# IBGA National Show?



## HoosierShadow (Apr 20, 2010)

Anyone going? We don't have anything that would hold up with such competition, but if I can I'd like to take the kids and just go watch, I hear it is a really nice show, and it will be in Louisville which is an hour drive for us.


----------



## toth boer goats (Jul 20, 2008)

To far for me...but it is fun to watch.... :thumb: :hi5:


----------



## Dodge 'Em (Jan 13, 2011)

I dont know if I will be able to go or not.....I would like to!

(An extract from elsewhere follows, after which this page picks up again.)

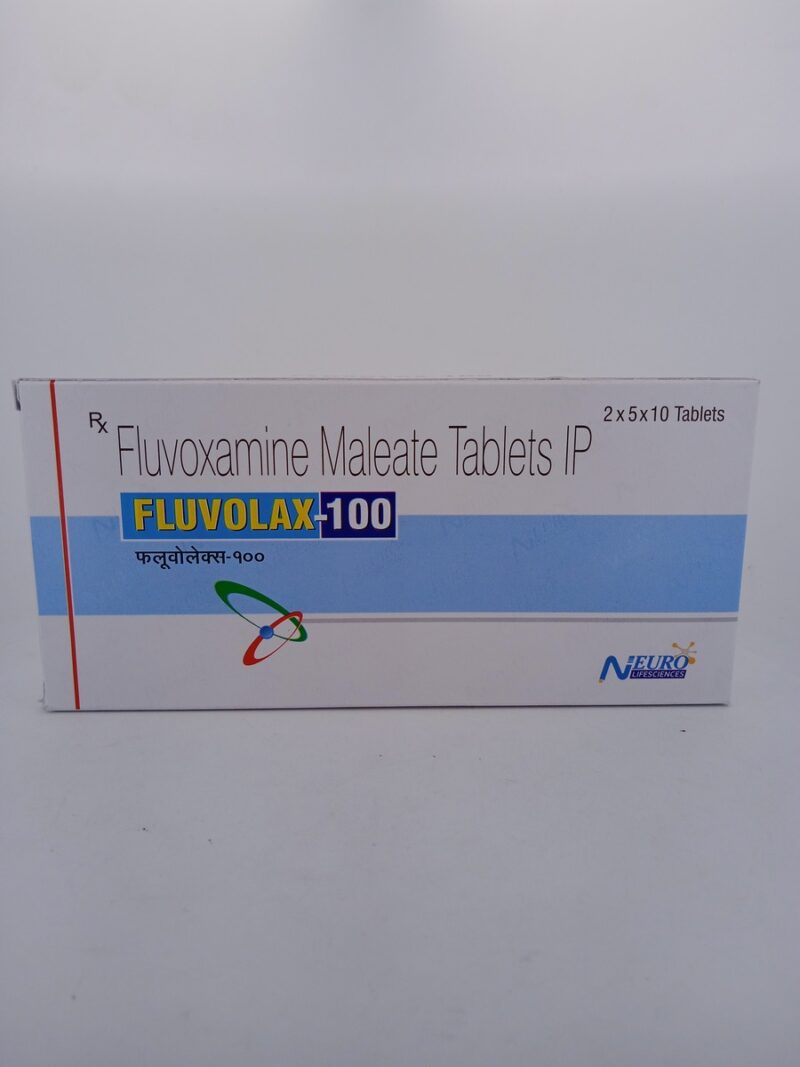 FLUVOLAX 100 MG - 10 TABLETS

Also depends on how I do next weekend! LOL If I stand at the wrong end of the line, then no, I wont go!


----------



## HoosierShadow (Apr 20, 2010)

Yeah Pam I think that is a bit of a drive! Wish it wasn't though I'd love to meet you and your beautiful goats! 

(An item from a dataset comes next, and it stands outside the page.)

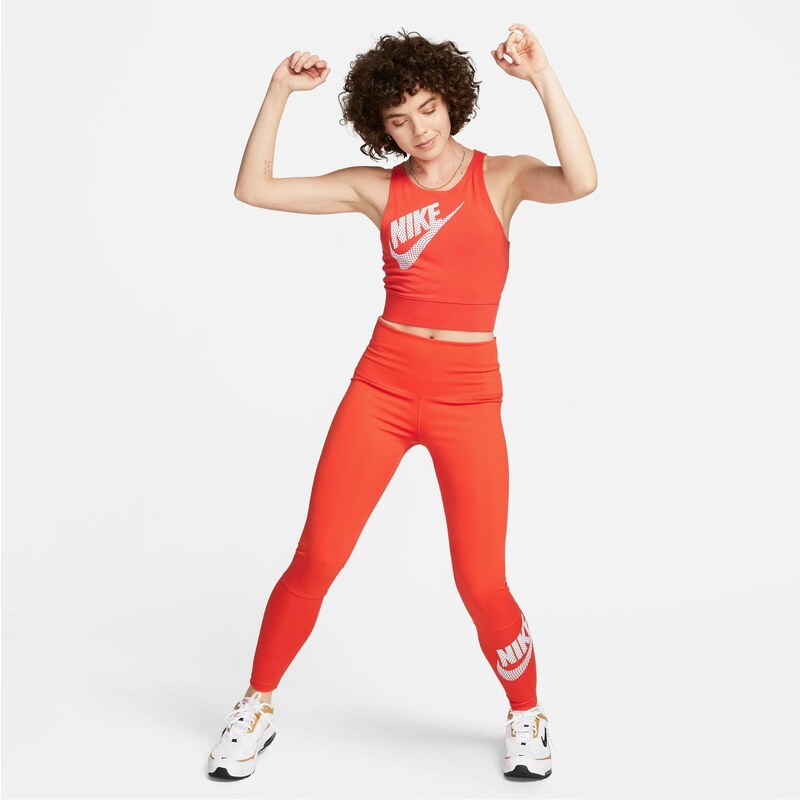 Nike Sportswear Tank Top Kadın Kırmızı T-Shirt.DZ4607.633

Good Luck this weekend Kathy! I hope you do well! And who knows, you just might get to make that trip to Louisville!  It all depends on what is going on for us to be able to go, but I hear it should be fun. We don't plan on getting stock for shows like that, or getting that serious. We just want meat goats, but want our kids to have fun in 4-H  Maybe one day....but not any time soon!


----------



## toth boer goats (Jul 20, 2008)

> Yeah Pam I think that is a bit of a drive! Wish it wasn't though I'd love to meet you and your beautiful goats!


 :thumb: :hug:


----------



## AlaskaBoers (May 7, 2008)

take photos!!


----------



## Renegade (Mar 2, 2008)

We're planning on going. It will be our first time to Nationals.

Donna Finley
Finley Boers


----------



## HoosierShadow (Apr 20, 2010)

Great Donna! I hope to be going <unless something drastic happens!> so we'll have to look for you & your goats!!


----------



## Renegade (Mar 2, 2008)

Look forward to meeting you. Just look for our signs on our pens.
Where are you coming from Hoosier?

Donna


----------



## RPC (Nov 6, 2009)

When is it?


----------



## Renegade (Mar 2, 2008)

July 7, 8, 9 in Louisville KY


----------



## RPC (Nov 6, 2009)

I will see what I am doing and maybe make it down one or two of the days. It would be cool to watch.


----------



## GotmygoatMTJ (Apr 25, 2009)

Wants to go! The only big show I've ever been to was Regionals!
Would love to watch, and meet everybody!


----------



## HoosierShadow (Apr 20, 2010)

We could have a get together! 

I am coming from west of Lexington off of I-64, so Louisville is only about an hour drive


----------



## RPC (Nov 6, 2009)

Its like a 4-5 hour drive for me depending on traffic. I will just have to check my schedule and make sure I have enough money.


----------



## Renegade (Mar 2, 2008)

It's a long haul for us. About 6-7 hours. I've noticed hotels in the area are a little high. Anyone have recommendations on where to stay?

Donna


----------



## Dodge 'Em (Jan 13, 2011)

Hey Renegade,
Your doe Timeless Beauty is the same bloodlines as my buck, Icon. Icon's dam must be a twin to your doe's dam.


----------



## Renegade (Mar 2, 2008)

Hey Kathy,

We have 2 "Right On Target" does. I absolutely love these does. The one that is related to your buck is X126. She is out of Jerico Farms T89 and you're buck is out of T90.

Donna


----------